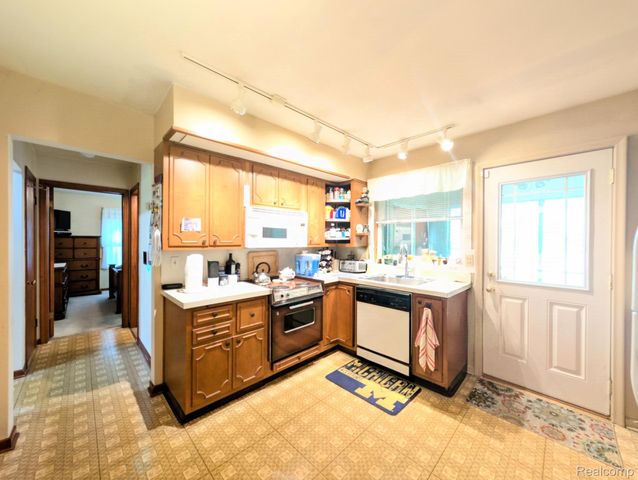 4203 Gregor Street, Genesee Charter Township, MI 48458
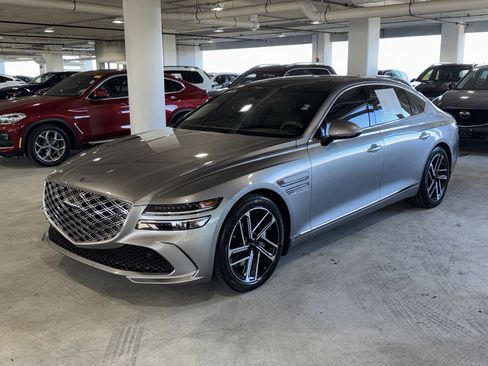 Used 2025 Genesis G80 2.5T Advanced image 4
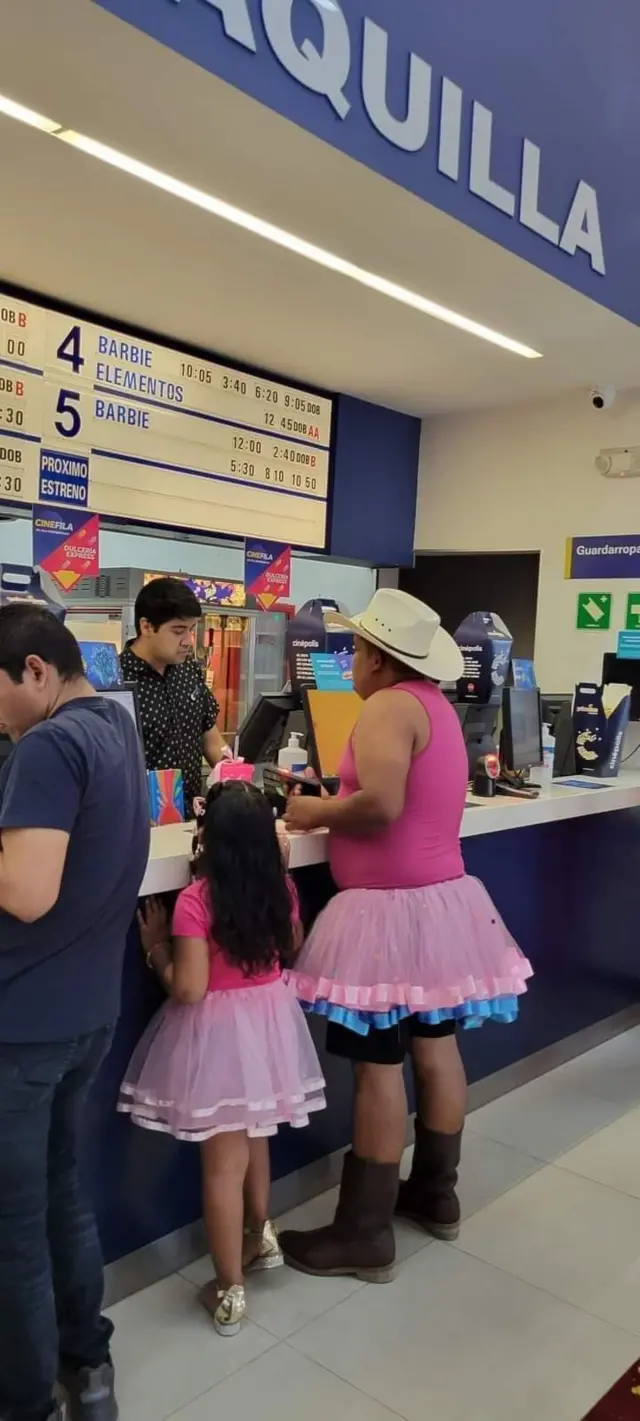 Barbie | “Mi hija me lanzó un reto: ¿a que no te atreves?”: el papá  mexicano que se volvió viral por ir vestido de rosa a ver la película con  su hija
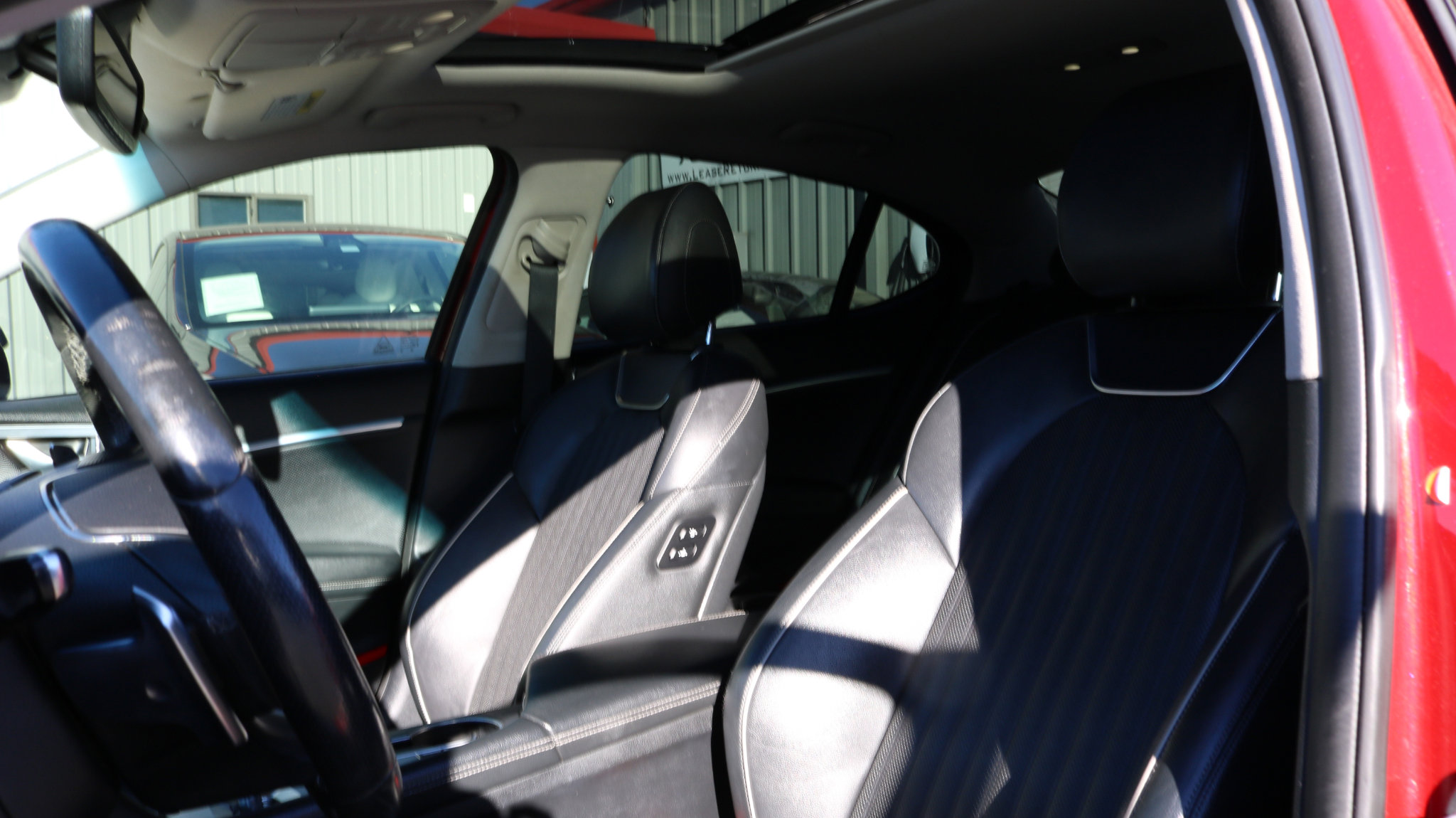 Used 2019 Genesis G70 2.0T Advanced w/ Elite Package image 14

Work instructions >>
Start to finish, write out the data above exactly, omitting all pictures.

Response area >>
 4203 Gregor Street, Genesee Charter Township, MI 48458
 Used 2025 Genesis G80 2.5T Advanced image 4
 Barbie | “Mi hija me lanzó un reto: ¿a que no te atreves?”: el papá  mexicano que se volvió viral por ir vestido de rosa a ver la película con  su hija
 Used 2019 Genesis G70 2.0T Advanced w/ Elite Package image 14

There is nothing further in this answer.